* Task statement
Repeat the listing below exactly. Pictures do not belong in the copy.
==== Dataset content ====
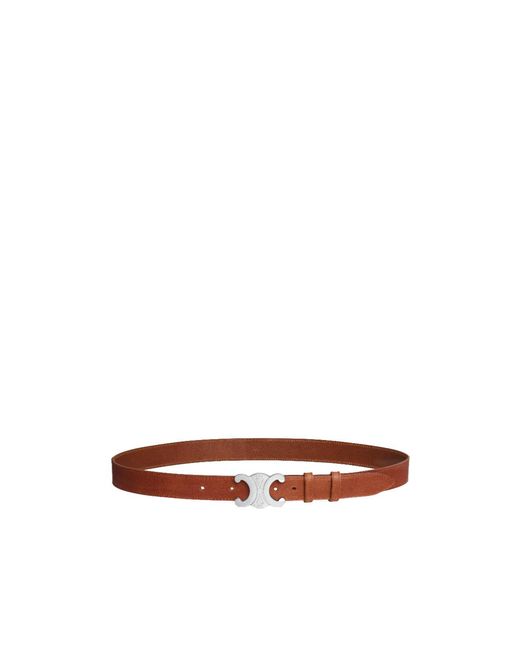 Céline Brown Triomphe Belt 30Mm for men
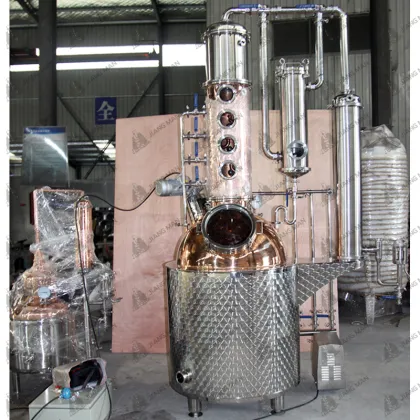 Copper Column Home Alcohol Distiller for Bourbon Whiskey - 100L Capacity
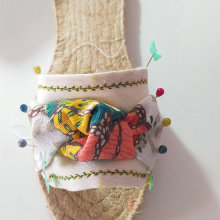 Mi Proyecto del curso: Diseño y confección de alpargatas. Un proyecto de Diseño de complementos, Artesanía, Moda, Diseño de calzado y Tejido de sandravivi7 - 10.09.2021
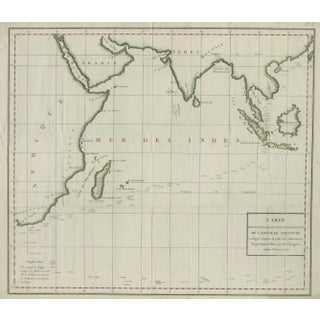 Map of Indian Ocean and Sumatra, 1783 For Sale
====
* Task output
 Céline Brown Triomphe Belt 30Mm for men
 Copper Column Home Alcohol Distiller for Bourbon Whiskey - 100L Capacity
 Mi Proyecto del curso: Diseño y confección de alpargatas. Un proyecto de Diseño de complementos, Artesanía, Moda, Diseño de calzado y Tejido de sandravivi7 - 10.09.2021
 Map of Indian Ocean and Sumatra, 1783 For Sale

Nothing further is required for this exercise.